Behavioral Finance & News
In this thought-provoking article, Chicago Global’s advisor Larry Siegel and Paul Kaplan of Morningstar discuss the hazards of extrapolating data from the best performing stock markets over the past 120 years, an era marked by unprecedented wealth generation. Investors risk forming overly optimistic beliefs based on the performance of markets that survived and thrived during this period. Bias arises when failed investments go unobserved or are ignored. Larry and Paul show that equity markets fared best in countries with stable governments, expansive immigration policies and resilient economies.

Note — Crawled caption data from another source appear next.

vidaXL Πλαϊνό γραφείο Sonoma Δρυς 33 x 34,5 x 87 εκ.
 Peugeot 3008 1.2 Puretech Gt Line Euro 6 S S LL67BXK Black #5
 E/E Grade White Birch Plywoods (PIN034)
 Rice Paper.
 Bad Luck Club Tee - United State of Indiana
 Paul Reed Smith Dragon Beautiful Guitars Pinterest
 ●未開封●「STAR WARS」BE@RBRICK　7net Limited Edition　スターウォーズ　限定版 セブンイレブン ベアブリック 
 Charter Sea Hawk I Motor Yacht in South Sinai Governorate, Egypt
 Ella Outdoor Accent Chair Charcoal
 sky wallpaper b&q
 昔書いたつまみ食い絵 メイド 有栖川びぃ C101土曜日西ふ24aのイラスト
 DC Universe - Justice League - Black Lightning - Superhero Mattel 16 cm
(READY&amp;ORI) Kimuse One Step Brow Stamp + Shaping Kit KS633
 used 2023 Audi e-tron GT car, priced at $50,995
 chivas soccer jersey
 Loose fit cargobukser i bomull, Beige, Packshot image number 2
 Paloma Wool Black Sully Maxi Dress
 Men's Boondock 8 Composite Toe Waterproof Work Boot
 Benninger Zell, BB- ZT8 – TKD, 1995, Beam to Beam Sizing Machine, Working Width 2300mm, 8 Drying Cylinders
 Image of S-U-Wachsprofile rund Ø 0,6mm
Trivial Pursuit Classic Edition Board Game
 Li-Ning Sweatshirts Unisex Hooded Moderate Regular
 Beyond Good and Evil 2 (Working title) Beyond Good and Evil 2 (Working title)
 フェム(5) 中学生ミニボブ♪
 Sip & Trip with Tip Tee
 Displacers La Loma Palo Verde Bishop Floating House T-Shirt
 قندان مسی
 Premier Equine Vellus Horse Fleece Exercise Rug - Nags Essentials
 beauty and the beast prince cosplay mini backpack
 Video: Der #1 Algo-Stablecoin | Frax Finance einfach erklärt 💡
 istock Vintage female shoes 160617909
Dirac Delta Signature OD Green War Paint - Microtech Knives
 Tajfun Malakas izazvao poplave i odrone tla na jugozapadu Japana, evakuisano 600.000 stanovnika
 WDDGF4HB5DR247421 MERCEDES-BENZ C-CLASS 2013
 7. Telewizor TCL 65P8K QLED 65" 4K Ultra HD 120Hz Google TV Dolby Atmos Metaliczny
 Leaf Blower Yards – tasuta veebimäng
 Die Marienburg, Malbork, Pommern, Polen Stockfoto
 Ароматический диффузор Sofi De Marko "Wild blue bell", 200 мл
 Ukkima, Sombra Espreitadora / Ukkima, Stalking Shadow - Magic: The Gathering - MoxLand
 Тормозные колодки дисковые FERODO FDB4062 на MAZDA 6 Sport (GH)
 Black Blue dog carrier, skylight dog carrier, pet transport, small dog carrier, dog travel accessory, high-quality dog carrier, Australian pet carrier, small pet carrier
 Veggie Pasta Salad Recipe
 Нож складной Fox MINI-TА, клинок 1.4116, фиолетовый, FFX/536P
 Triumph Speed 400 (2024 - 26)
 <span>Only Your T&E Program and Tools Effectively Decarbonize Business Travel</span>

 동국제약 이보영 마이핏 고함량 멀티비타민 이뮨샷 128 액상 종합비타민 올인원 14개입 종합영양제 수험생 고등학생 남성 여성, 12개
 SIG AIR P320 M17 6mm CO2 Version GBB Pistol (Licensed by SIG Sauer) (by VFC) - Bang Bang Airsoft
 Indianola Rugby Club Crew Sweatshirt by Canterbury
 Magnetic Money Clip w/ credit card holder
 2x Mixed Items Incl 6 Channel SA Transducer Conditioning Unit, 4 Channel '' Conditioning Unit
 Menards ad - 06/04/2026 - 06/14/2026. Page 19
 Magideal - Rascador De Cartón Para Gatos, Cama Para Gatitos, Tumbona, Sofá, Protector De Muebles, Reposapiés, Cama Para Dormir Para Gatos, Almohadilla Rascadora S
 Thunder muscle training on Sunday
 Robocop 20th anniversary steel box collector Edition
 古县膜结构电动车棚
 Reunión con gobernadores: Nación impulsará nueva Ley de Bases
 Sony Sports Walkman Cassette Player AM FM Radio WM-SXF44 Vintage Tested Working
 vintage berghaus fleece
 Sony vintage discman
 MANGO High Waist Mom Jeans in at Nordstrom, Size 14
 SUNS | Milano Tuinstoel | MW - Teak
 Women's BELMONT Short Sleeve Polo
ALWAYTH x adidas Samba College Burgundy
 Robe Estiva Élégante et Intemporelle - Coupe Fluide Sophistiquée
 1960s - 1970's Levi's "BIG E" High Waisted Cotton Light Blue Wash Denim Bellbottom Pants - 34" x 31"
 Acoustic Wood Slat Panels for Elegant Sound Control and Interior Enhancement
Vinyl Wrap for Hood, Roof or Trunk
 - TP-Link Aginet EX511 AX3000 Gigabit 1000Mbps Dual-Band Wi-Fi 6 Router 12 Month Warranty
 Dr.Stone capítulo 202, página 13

A key take-away is that survivorship bias, along with behavioral biases — including familiarity, trend-chasing and disposition effect biases — lulls investors into believing that whatever had been profitable in past will continue. Investors must resist the impulse to chase recent performance and hold concentrated static portfolio, as these strategies are prone underperformance. A regularly rebalanced portfolio broadly diversified across assets and geographies is a more effective investment strategy over the long-term.

The following is an excerpt from the foreword written by our very own Chicago Global Board of Advisors member Larry Siegel for a new monograph titled “Popularity: A Bridge Between Classical and Behavioral Finance” by Roger Ibbotson, Thomas Idzorek, Paul Kaplan, and James Xiong.
Why does value investing work? Why do other factor strategies work? For that matter, why does any active strategy — meaning, any strategy other than cap-weighted indexing — “work” in the sense of having a reasonable chance of beating the cap-weighted index other than by random variation?
The Classical Answer
The answer could arise in classical finance, or behavioral finance, or both. Classic finance posits that all investors are rational and fully informed. This starting point seems to lead to a recommendation to index all assets, but that is not necessarily where it leads.
While most of classical finance focuses only on risk and expected return, investors differ in their tastes and preferences, and assets differ in their characteristics other than risk and expected return. These observations, which form the basis for the current monograph, are the essence of an article that predates this monograph, written way back in 1984, by Roger Ibbotson, Jeffrey Diermeier (of Brinson Partners, and now the Diermeier Family Foundation), and me.
The article, entitled “The Demand for Capital Market Returns: A New Equilibrium Theory,” incorporates investor preferences, sometimes called clientele effects, into an equilibrium framework conforming to neoclassical economics and classical finance. This framework asserts that economic agents are rational utility maximizers. Classical finance does not say what information agents should not look at, as long as they behave rationally.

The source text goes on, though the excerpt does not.